YOUR OBJECTIVE |
The lines to return are those from the line holding "30Pcs/Set KPOP TWICE" through the last line of the entries below, both included, written exactly and without pictures.

DATA LISTING |
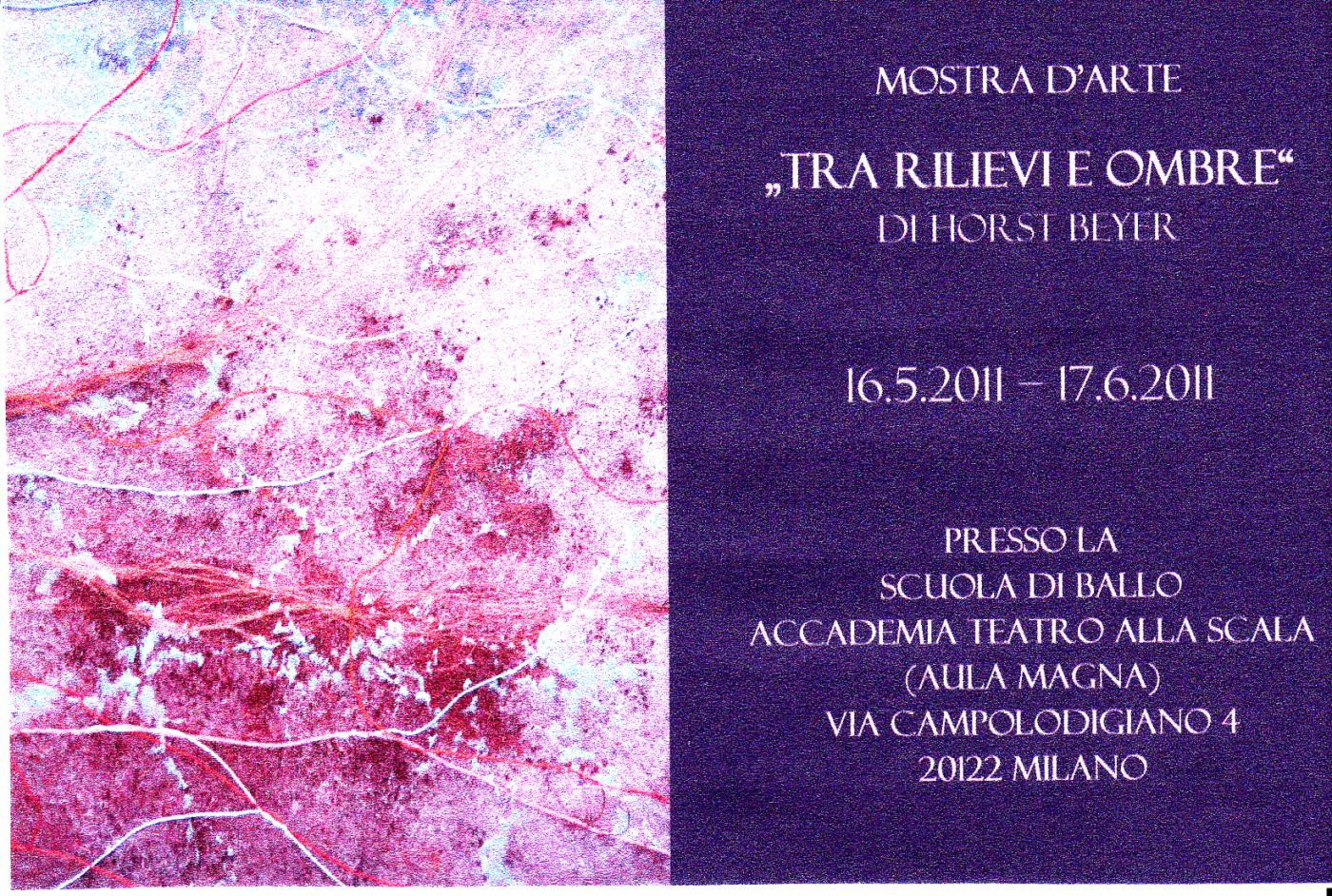 Exhibition "Tra Rilievi E Ombra"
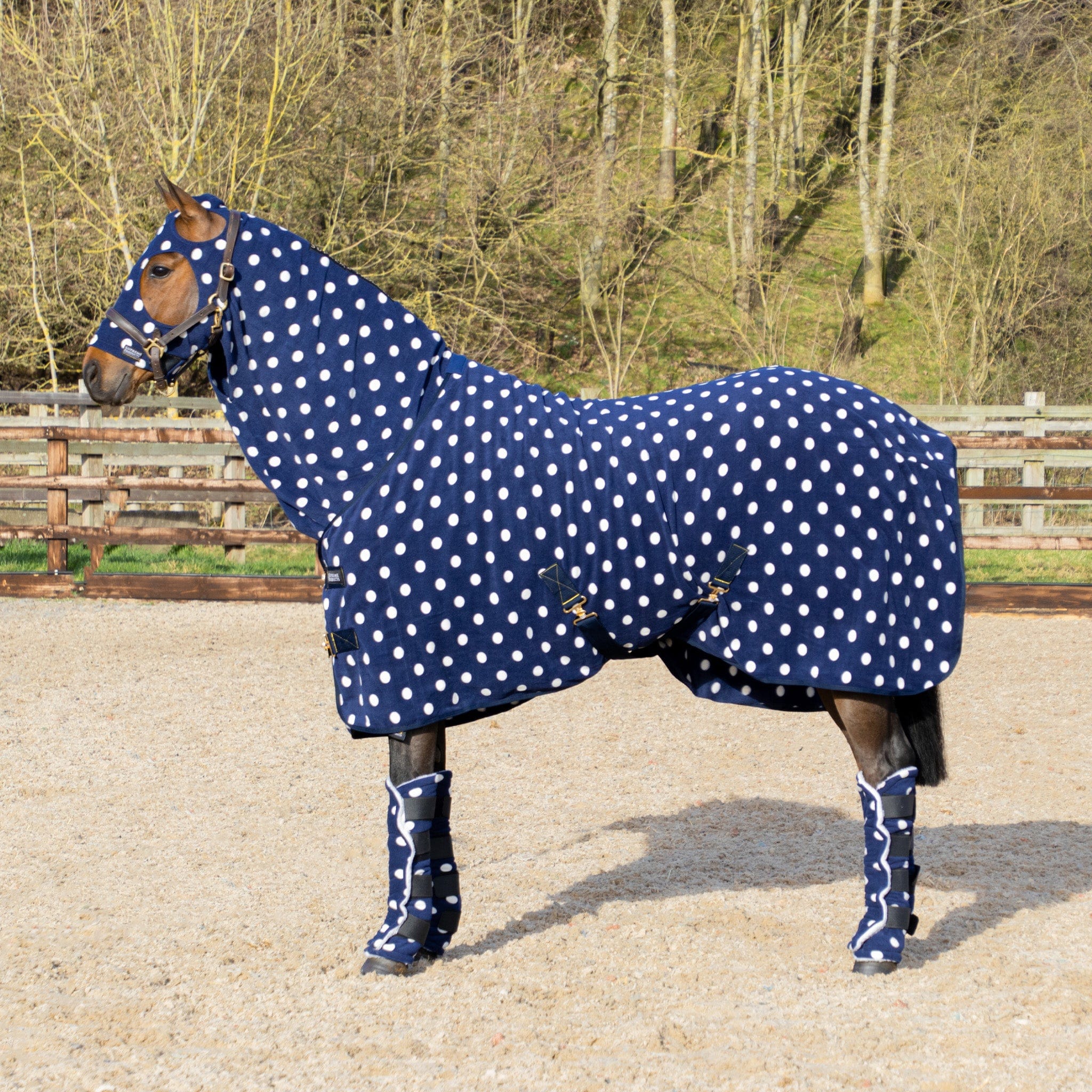 Supreme Products Dotty Fleece Rug - 3'6 · Noble Navy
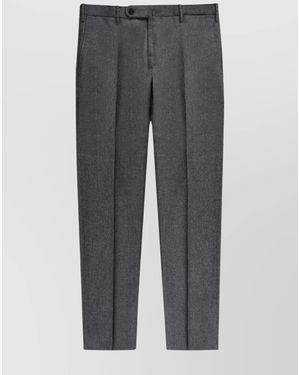 Incotex Straight Leg Trousers Pockets - Grey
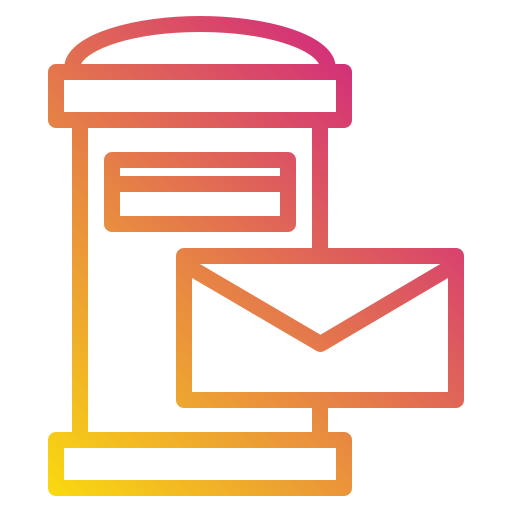 brievenbus Payungkead Gradient icoon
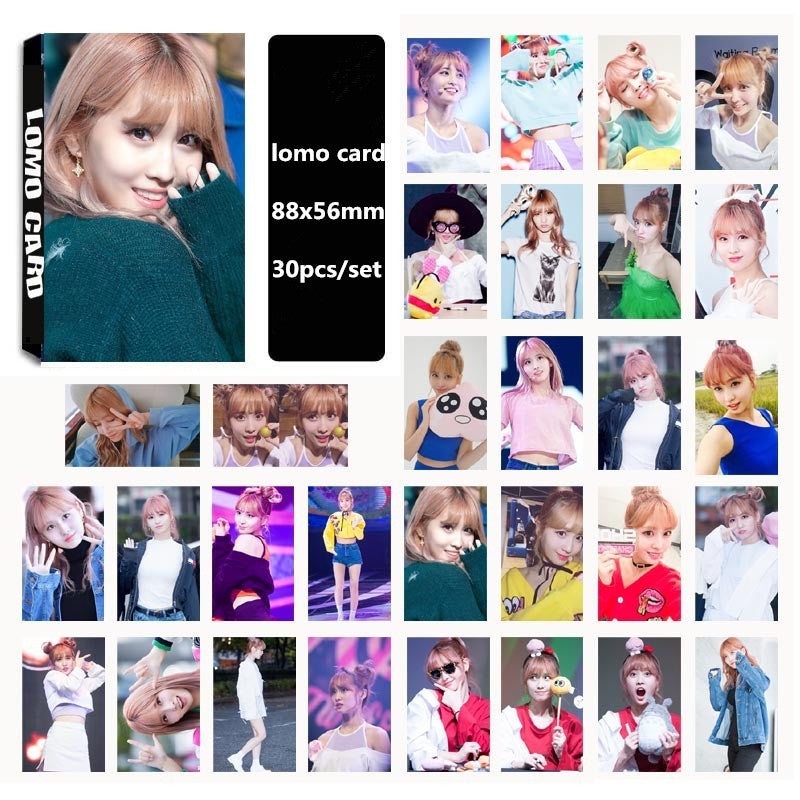 30Pcs/Set KPOP TWICE Lomo Card Photo Card Momo Photo Pictures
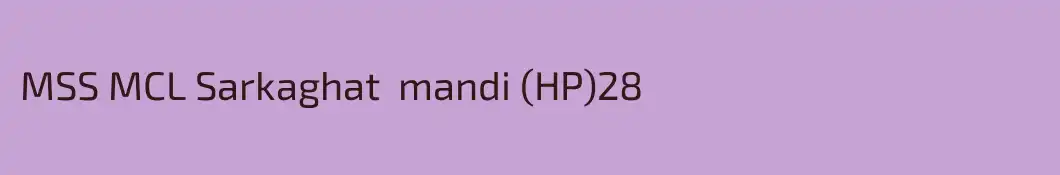 MSS MCL Sarkaghat  mandi (HP)28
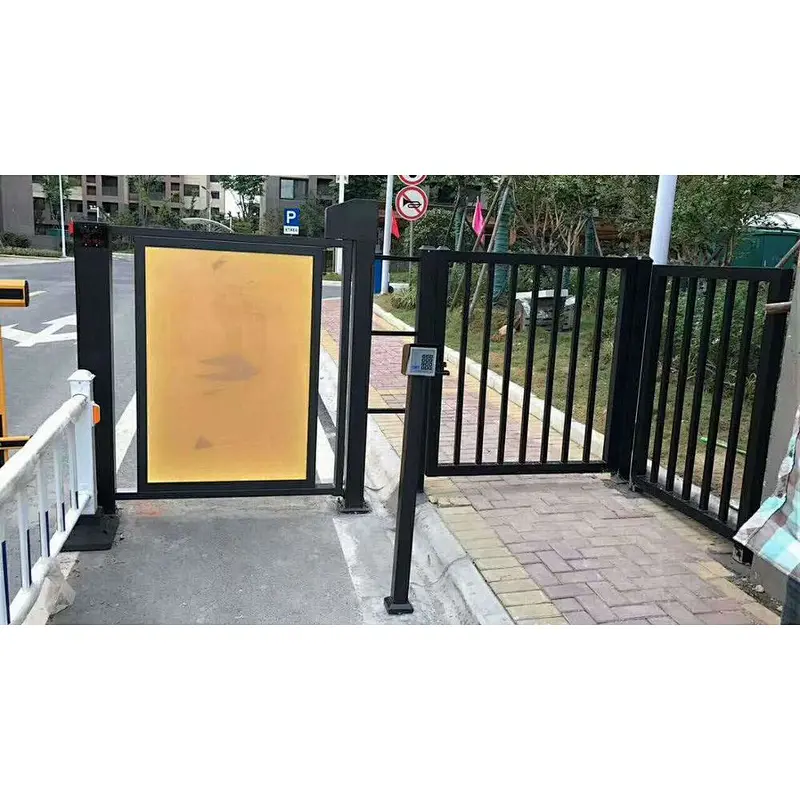 Home Safety Advertising Gate Intelligent Metal Security Door for Public Access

RESPONSE TO THIS TASK |
 30Pcs/Set KPOP TWICE Lomo Card Photo Card Momo Photo Pictures
 MSS MCL Sarkaghat  mandi (HP)28
 Home Safety Advertising Gate Intelligent Metal Security Door for Public Access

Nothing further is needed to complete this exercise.